CAMPI, Giulio
(b. ca. 1508, Cremona, d. 1572, Cremona)


The Campi were a family of Italian painters in Cremona in the 16th century. In the north of Italy, where they had the splendid example of the Venetians and some knowledge of Flemish and German art, the contrasts of light and shade could express the Mannerist feeling perfectly, as in the work of the Campi at Cremona.

The head of the family was Galeazzo Campi (1477-1536), a pupil of Boccaccio Boccaccini. His close contacts with Tommaso Aleni are assumed, owing to stylistic alliance. In his landscapes influences from Giovanni Bellini and Perugino can be observed. He was the father of Giulio, Antonio and Vincenzo.

Giulio Campi worked chiefly in Cremona. His first altarpieces reveal ideas from Brescia and the Emilia. He collaborated with Camillo Boccaccino, later was influenced by Giulio Romano and Pordenone.

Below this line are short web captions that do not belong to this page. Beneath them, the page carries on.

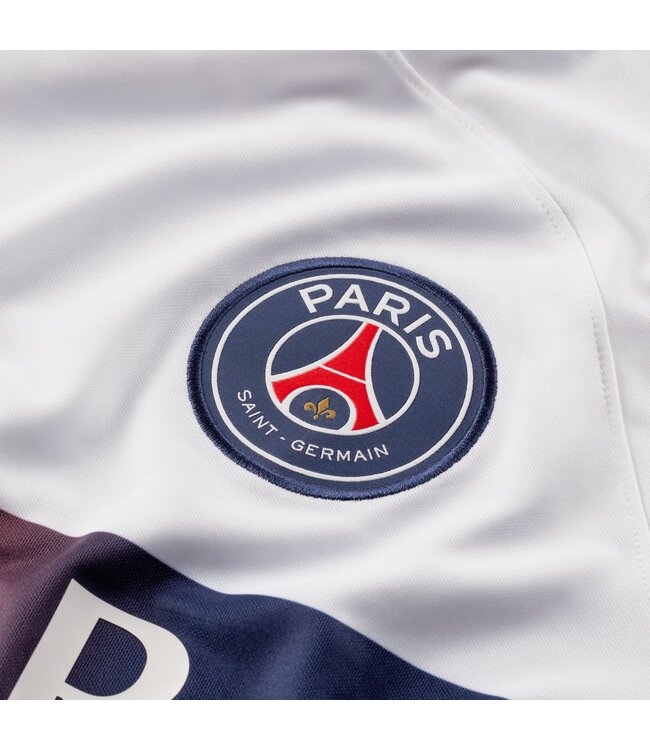 Nike PSG 23/24 Away Jersey (White)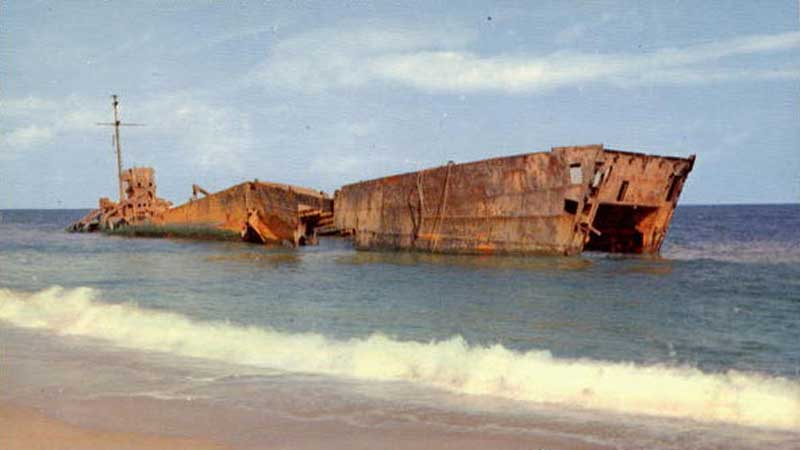 Netflix Outer Banks: Fact or Fiction on shipwrecks along the OBX coast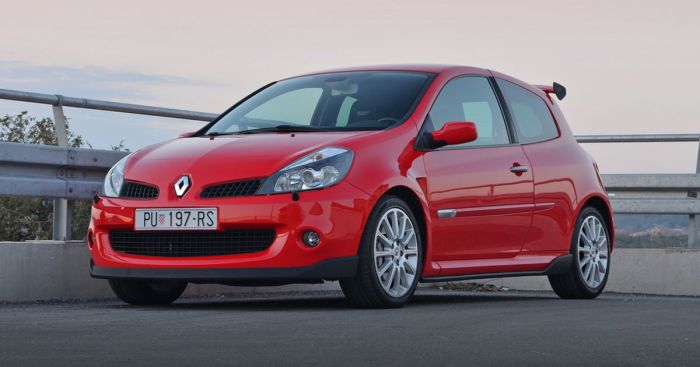 Названы пять самых надежных и доступных «заряженных» б/у авто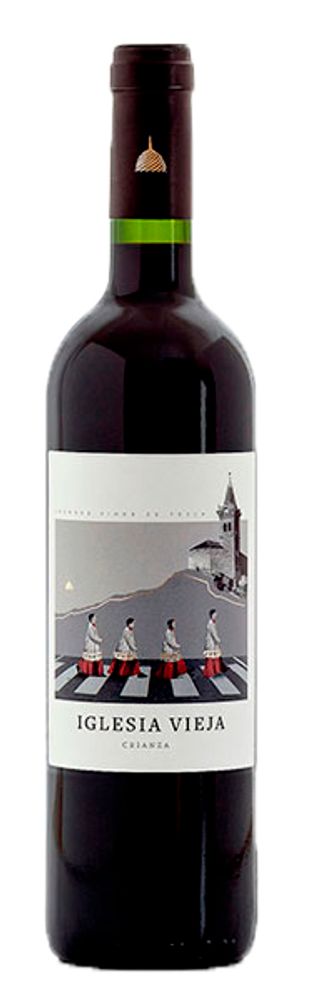 Вино Иглесиа Вьеха Крианца Вино Иглесиа Вьеха Крианца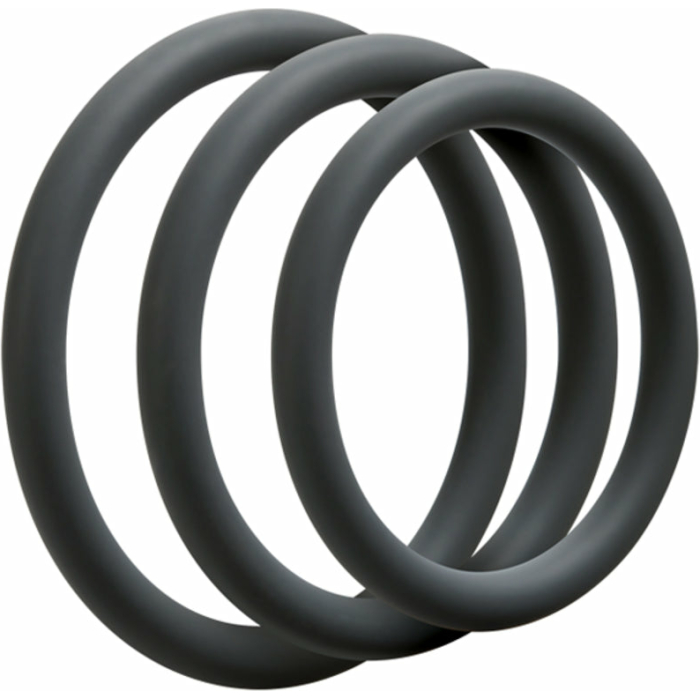 Optimale 3pc C-ring Set Thin - Image 1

Antonio Campi (Cavaliere Antonio) was the second son of Galeazzo. His initial works remain close to the style of his brother Giulio, and that of Camillo Boccaccino. His graphic works exhibit influences from Parmigianino and Emilian sculpture. In 1560 he abandoned collaboration with his brother Giulio and began to develop more independently. He had probably contacts with Peterzano in the last decade, whose Reformist style he approached.

Vincenzo Campi trained under his brother Giulio. He painted mainly saints and portraits as well as genre-like still-lifes, like the two fruit and fishmongers' paintings at the Brera, Milan. Both show that he was influenced by Pieter Aertsen.

Bernardino Campi (1522-1591) was not directly related to Galeazzo Campi or his sons. Nevertheless he was an assistant to Giulio Campi and was influenced by Giulio Romano.